2. In a large skillet, combine the shallot, diced onions, and salt together in a large skillet over medium heat. Stir frequently until they are translucent and fragrant. Then add the garlic and stir until it’s just starting to brown.
3. Add the veggies (whether boiled or steamed) to the skillet and toss every few minutes until all the flavors are combined. (Don’t let the garlic burn! It will become bitter).
4. Transfer the ingredients to a blender and pulse on high, adding the yuzu sauce and warmed veggie stock (1 tbsp at a time) until you get a smooth purée with your preferred thickness and consistency. Scrape down the sides of the blender with a spatula (as needed). Season further with salt & pepper to taste.
5. In the meantime, season the (dried) scallops with salt & pepper. Then dust both sides with the dried Gochujang seasoning.
6. Next, grease the same skillet with the avocado or olive oil and place the scallops in a single layer. Sear them over medium heat for 3 minutes on each side until they are cooked throughout. (Tip- if they don’t turn easily then keep cooking until they’re ready to flip. That will get you the best cook on them.)
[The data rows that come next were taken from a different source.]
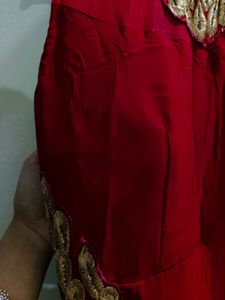 Elegant Maroon &amp; Gold  Stones with Embroidered Fro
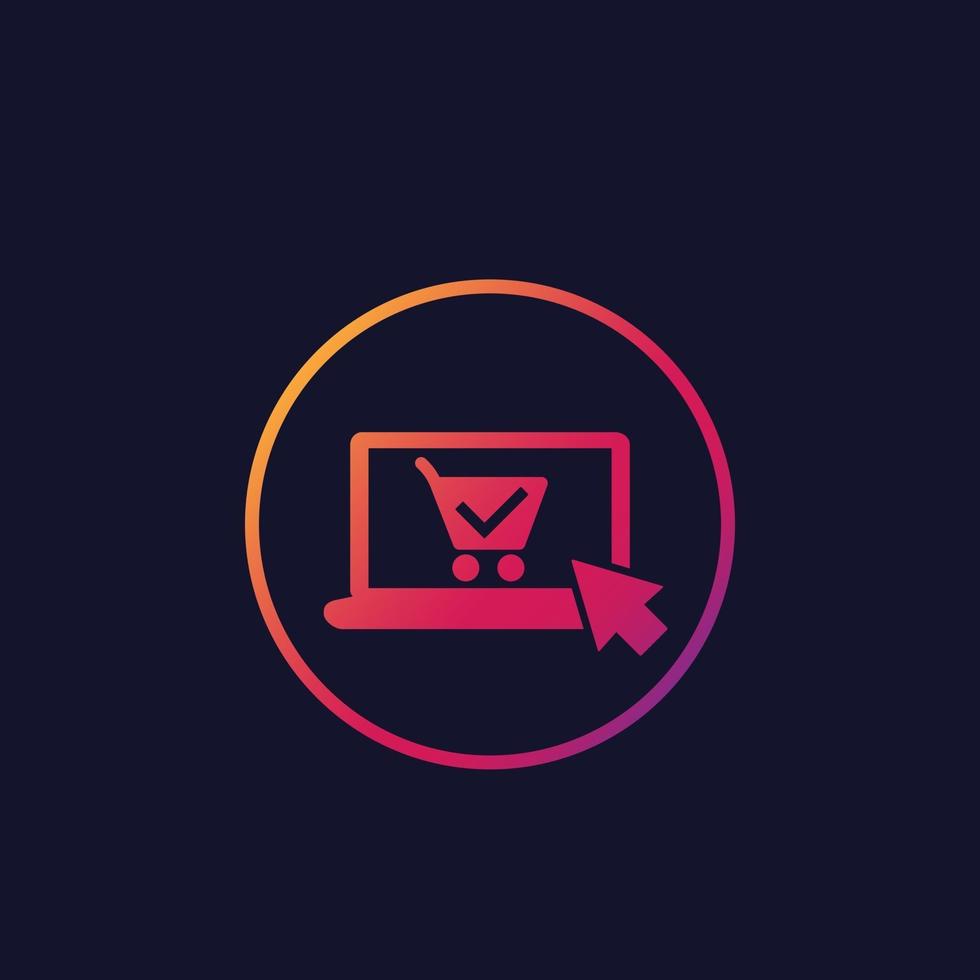 online order, purchase vector icon, laptop and shopping cart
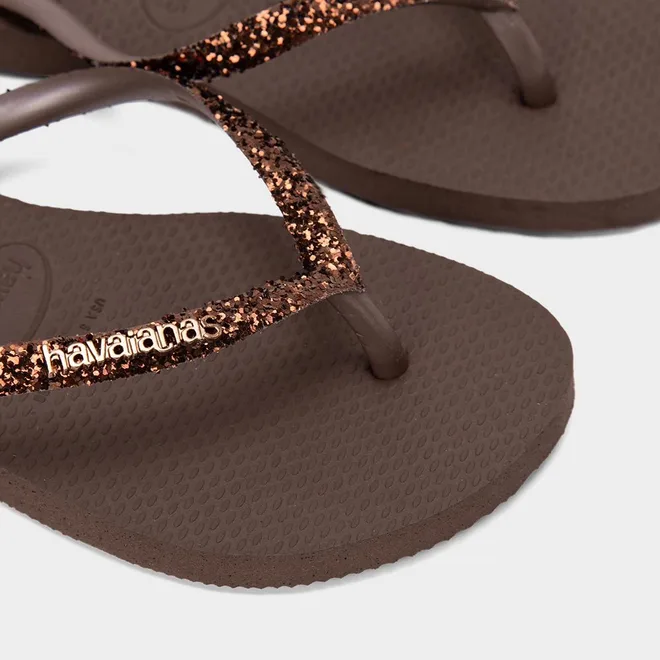 Chinelo Feminino Havaianas Slim Glitter Original Marrom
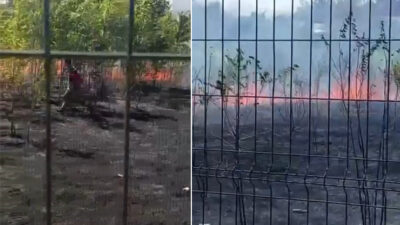 Bursa'daki Hamidiye Tarım Mesleki ve Teknik Anadolu Lisesi bahçesindeki yangın,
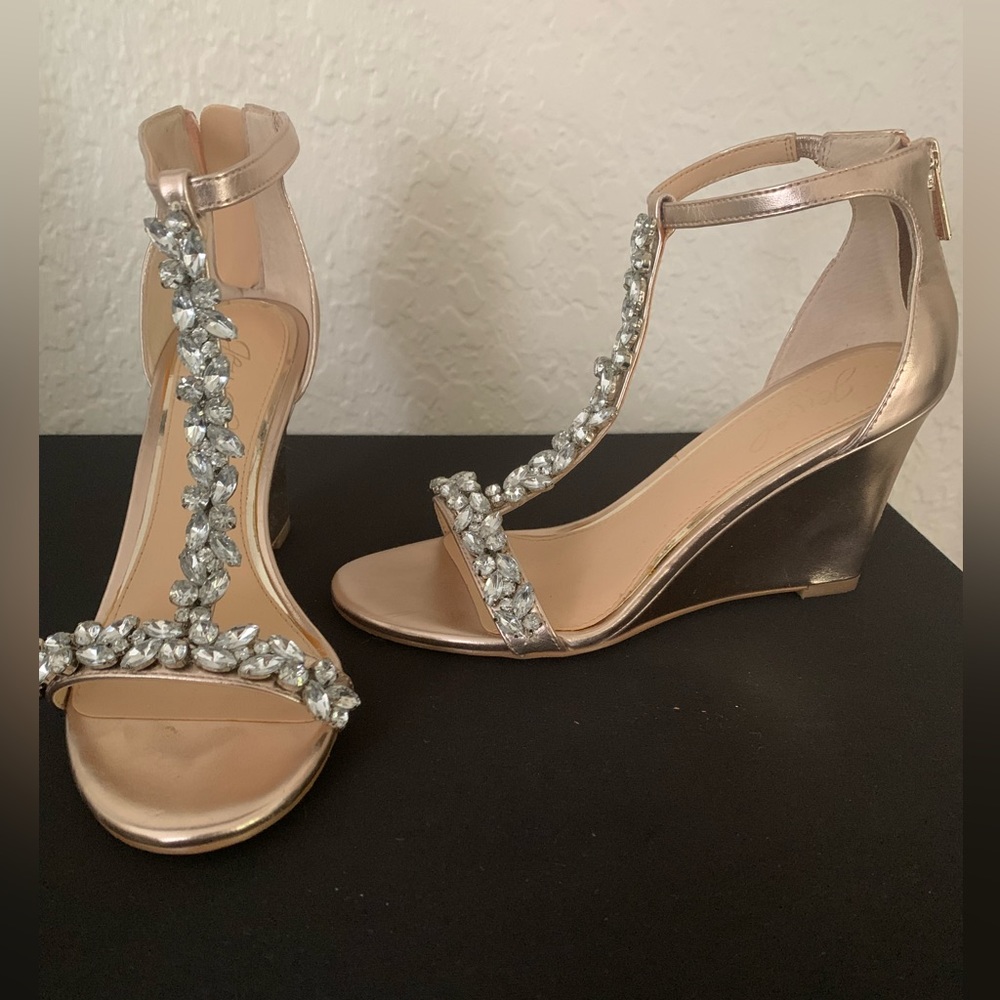Jewel Badgley Mischka. Gold and Rhinestones Wedge Sandals Size 5
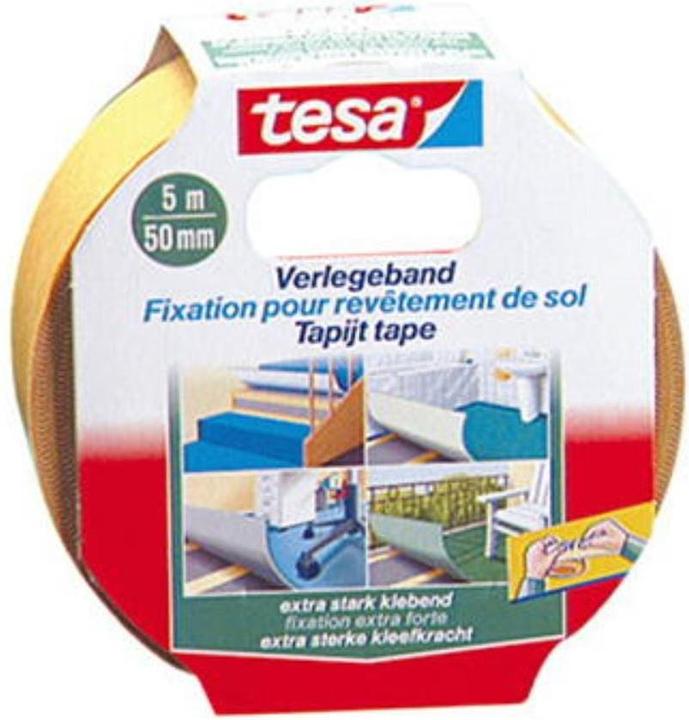 Produktbild tesa Verlegeband EXTRA STRONG, doppelseitiges Klebeband zum Verlegen von Teppich und PVC-Belag (50 mm)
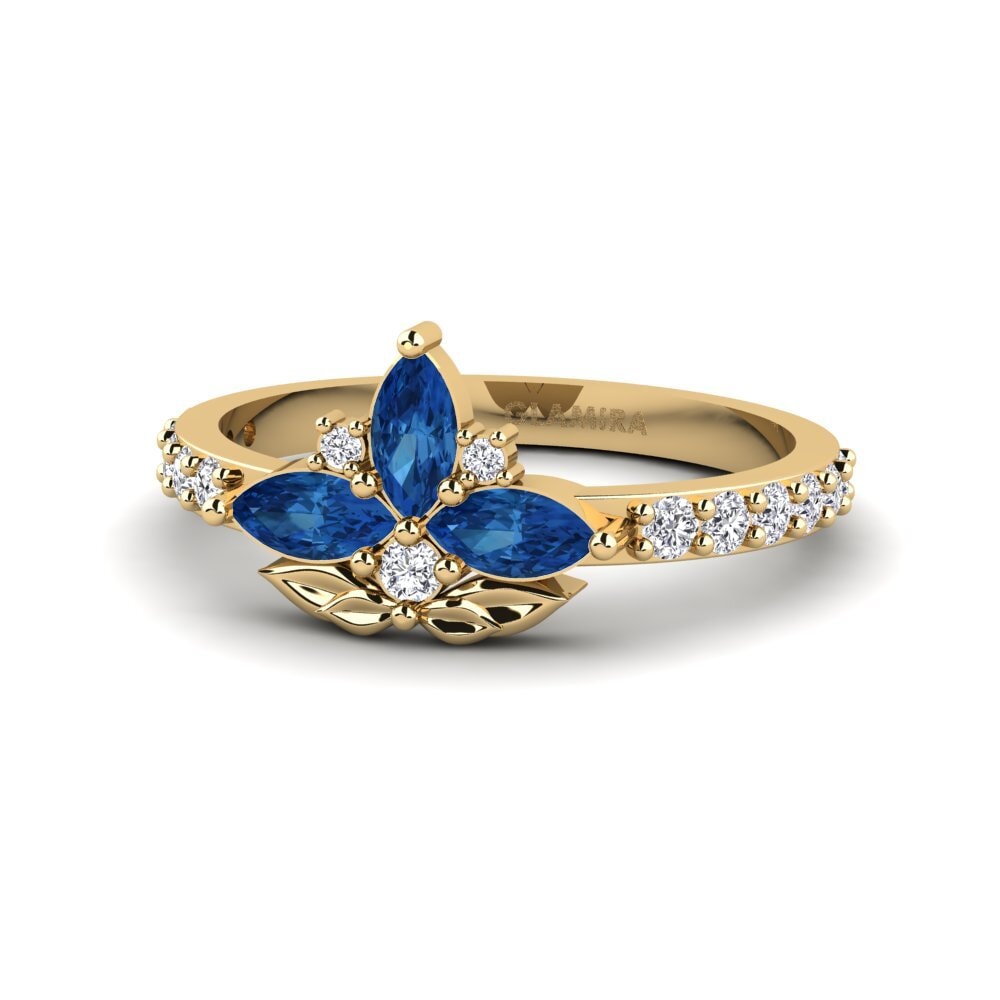 Dark Blue Zirconia Ring Cinzelado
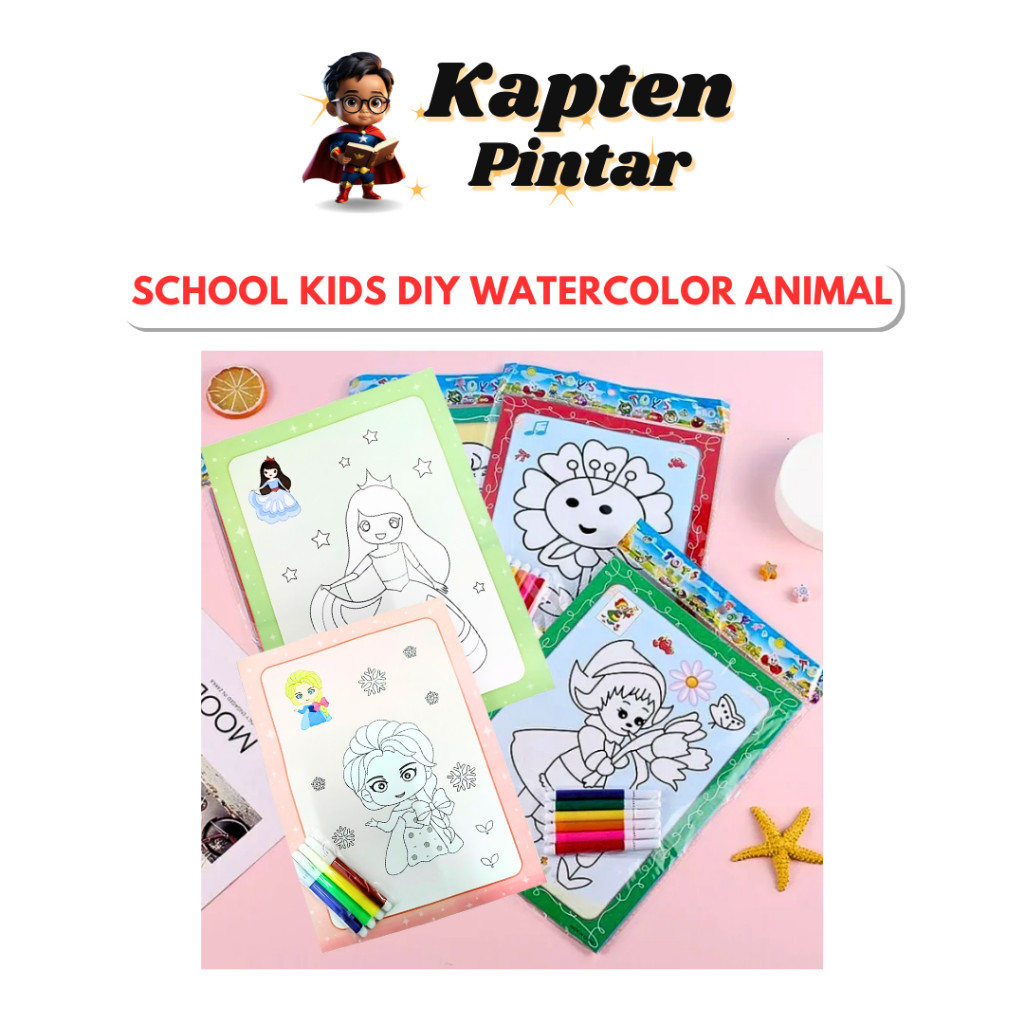 School Kids DIY watercolor Cute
7. While the scallops are cooking, in a small sauce pot, combine the sauce/glaze ingredients. Bring to a boil and then reduce the heat to let it thicken, stirring only occasionally.
8. Divide the broccoli/asparagus mash between plates. For fun, do a spoon drag!! And then top the purée with the seared scallops.
9. Drizzle with the glaze (or serve on the side) if you’ve made it.
10. Garnishing Optional- but in this photo I garnished with a few tips of the asparagus that I saved after I boiled them as well as a little lemon zest.